====== PROVIDED DATA

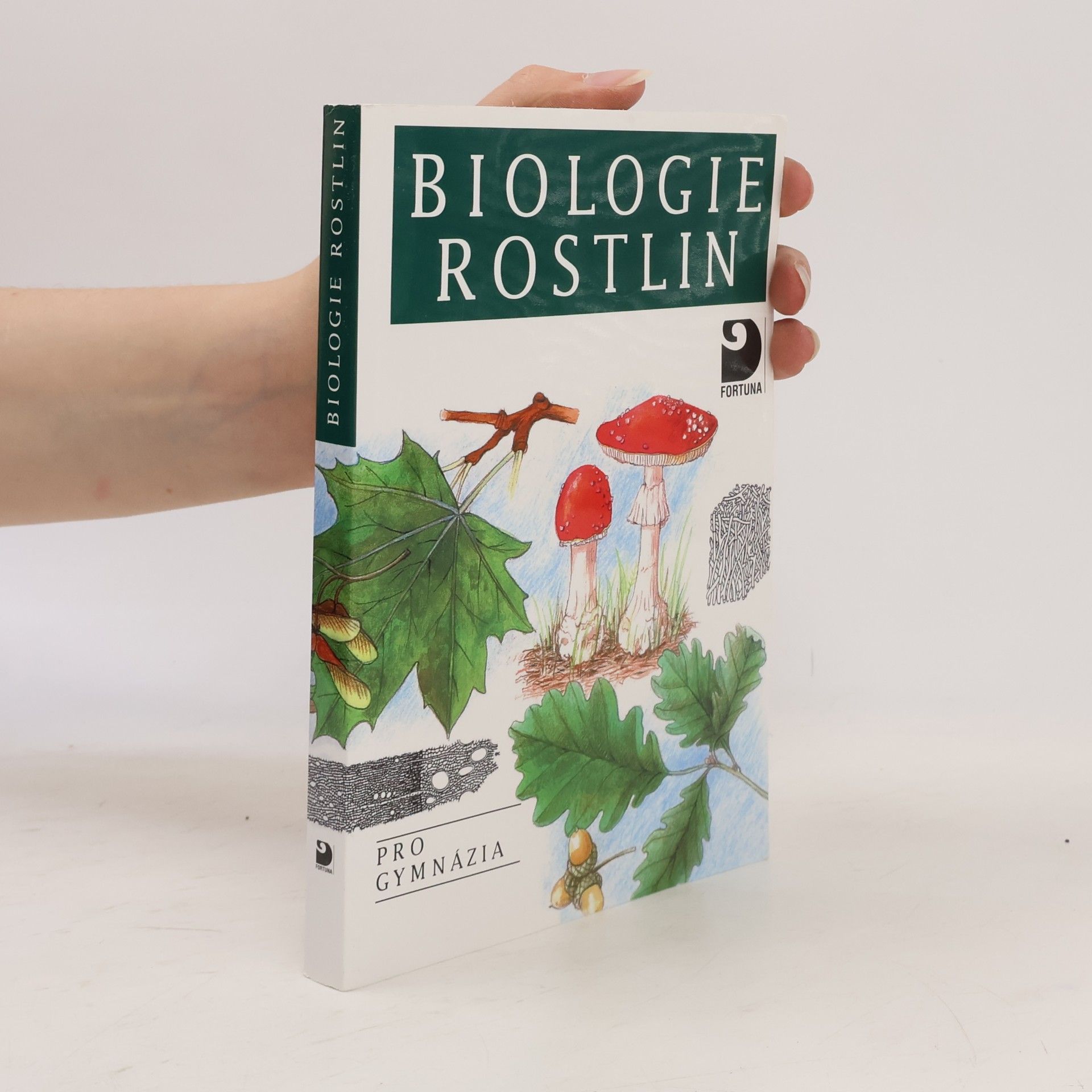 Biologie rostlin: Pro 1. ročník gymnázií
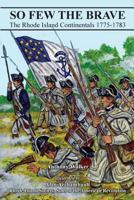 So Few the Brave: Rhode Island Continentals 1775-1783 1539542297 Book Cover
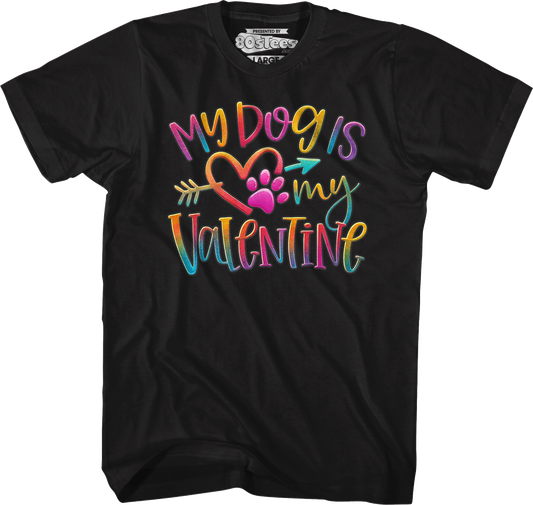 My Dog Is My Valentine T-Shirt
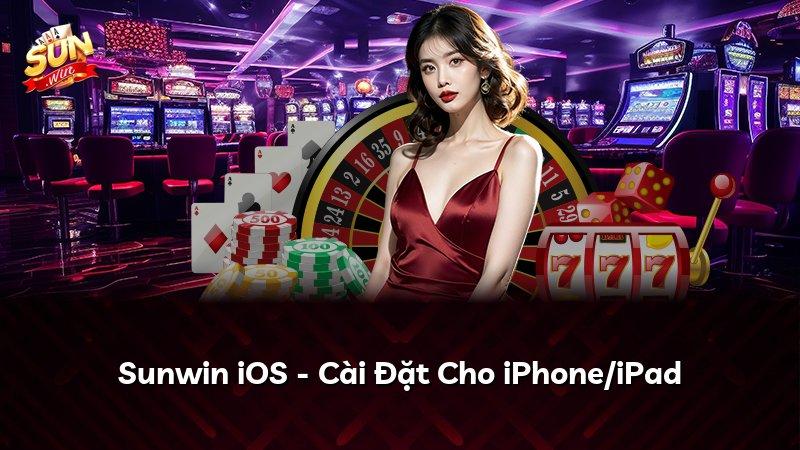 Sunwin iOS - Cài Đặt Cho iPhone/iPad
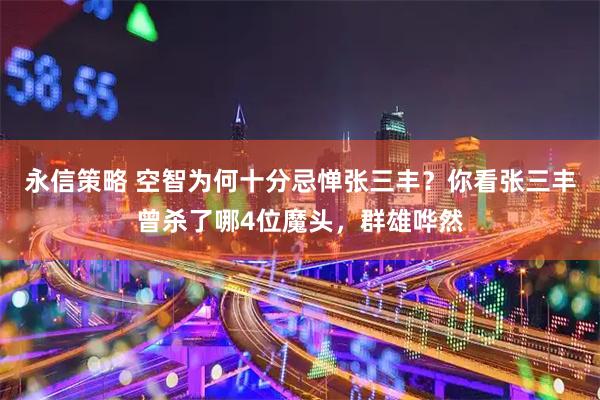 永信策略 空智为何十分忌惮张三丰？你看张三丰曾杀了哪4位魔头，群雄哗然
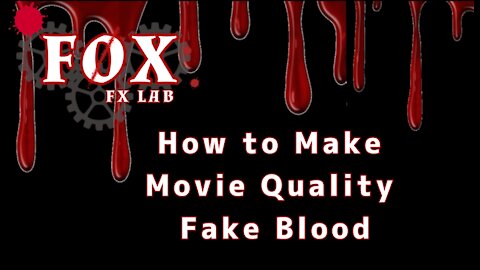 How to Make Realistic Looking Fake Blood. Professional Movie Quality- Fox Fx Lab, Eric Fox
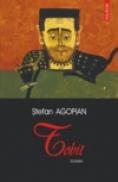 Tobit (editia a II-a, revazuta) - Stefan Agopian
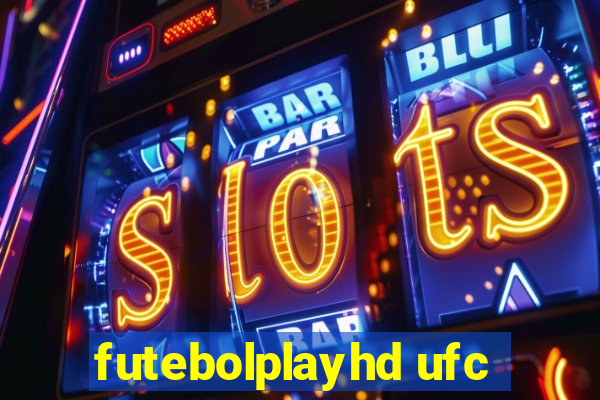 futebolplayhd ufc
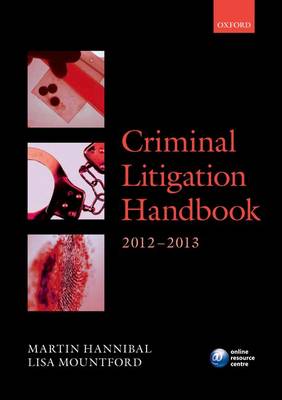 Criminal Litigation Handbook 2012-2013 - Legal Practice Course Guide (Paperback)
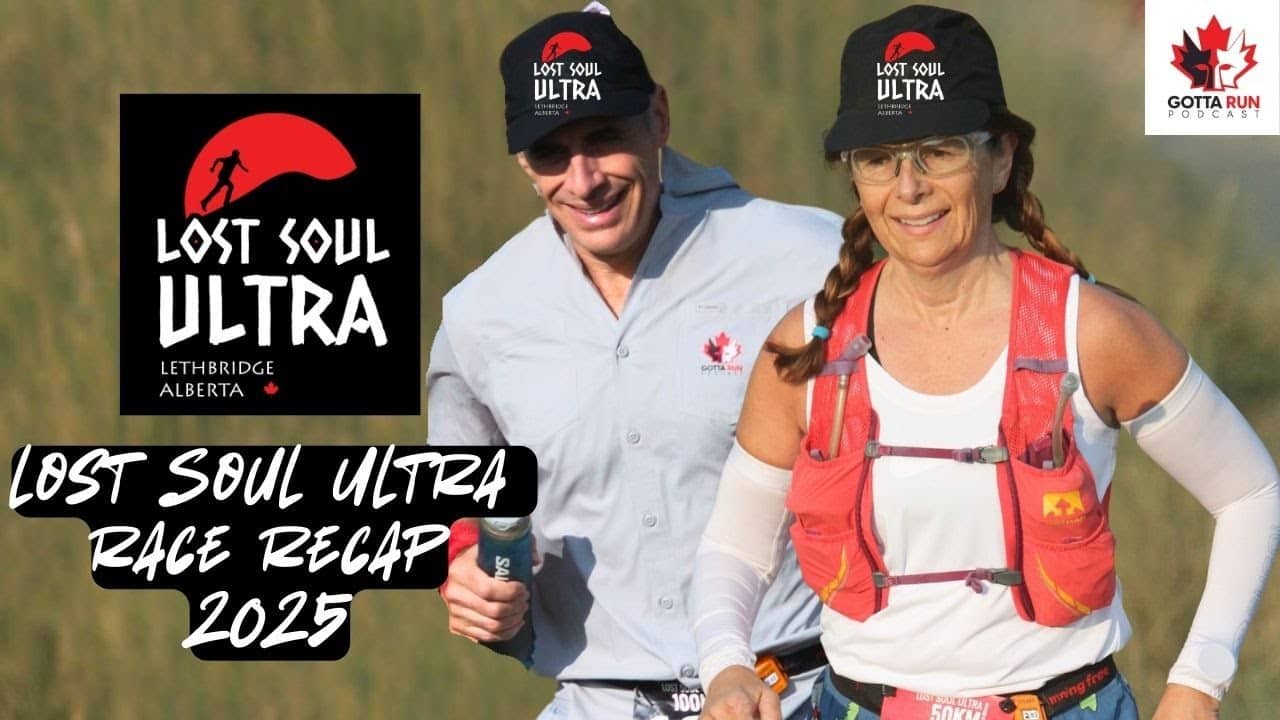 Lost Soul Race Recap : Conquering the Lethbridge Coulees / GottaRunPodcast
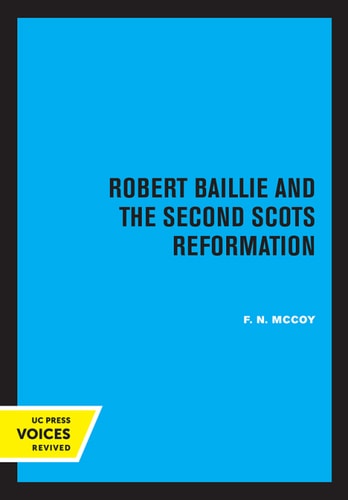 Robert Baillie and the Second Scots Reformation (2020th Edition)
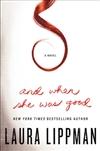 And When She Was Good | Lippman, Laura | Signed First Edition Book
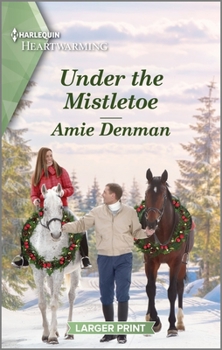 Mass Market Paperback Under the Mistletoe: A Clean and Uplifting Romance [Large Print] Book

============

» EXERCISE: Copy exactly the lines that run from the line containing "So Few the Brave: Rhode" to the end of the data, keeping both end lines and dropping every picture.

» YOUR SOLUTION:
 So Few the Brave: Rhode Island Continentals 1775-1783 1539542297 Book Cover
 My Dog Is My Valentine T-Shirt
 Sunwin iOS - Cài Đặt Cho iPhone/iPad
 永信策略 空智为何十分忌惮张三丰？你看张三丰曾杀了哪4位魔头，群雄哗然
 How to Make Realistic Looking Fake Blood. Professional Movie Quality- Fox Fx Lab, Eric Fox
 Tobit (editia a II-a, revazuta) - Stefan Agopian
 futebolplayhd ufc
 Criminal Litigation Handbook 2012-2013 - Legal Practice Course Guide (Paperback)
 Lost Soul Race Recap : Conquering the Lethbridge Coulees / GottaRunPodcast
 Robert Baillie and the Second Scots Reformation (2020th Edition)
 And When She Was Good | Lippman, Laura | Signed First Edition Book
 Mass Market Paperback Under the Mistletoe: A Clean and Uplifting Romance [Large Print] Book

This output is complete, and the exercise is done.